Count Dracula lives with several female vampires, which seems like a pretty good deal for him, but then a spear accidentally drops on him and he dies. For one hundred and fifty years, strong men are brought int o save him, but they all fail and are killed. Capulina comes in as a handyman and book, he bumps into the spear and Dracula is back among the living.

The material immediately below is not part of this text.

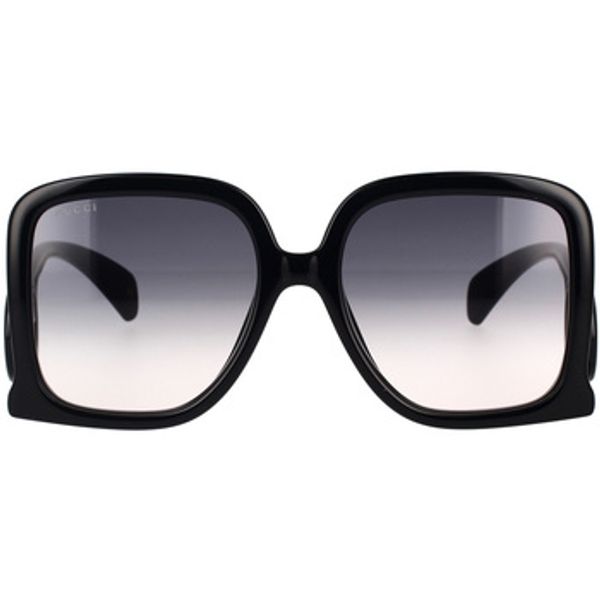 Gucci Gucci  Sunčane naočale Occhiali da Sole  GG1326S 001  Gucci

Rossy Mendoza shows up in this as Pampa, who is the Count’s main wife. She was known as Mexico’s Smallest Waist and The Body. She’s in the same category as Lyn May, Princess Lea and Angelica Chain, as they are all burlesque performers who became famous for their appearances in Mexican exploitation movies. You may recognize her from Santo vs. the KidnappersNight of San Juan: Santo in Black Gold and La Laamada del Sexo, which from the description reads like a giallo, a fact made positive by the knowledge that George Hilton is in it.

This movie somehow is family friendly and filled with the most fetching vampire women this side of Hammer. Mexico, you’ve done it again.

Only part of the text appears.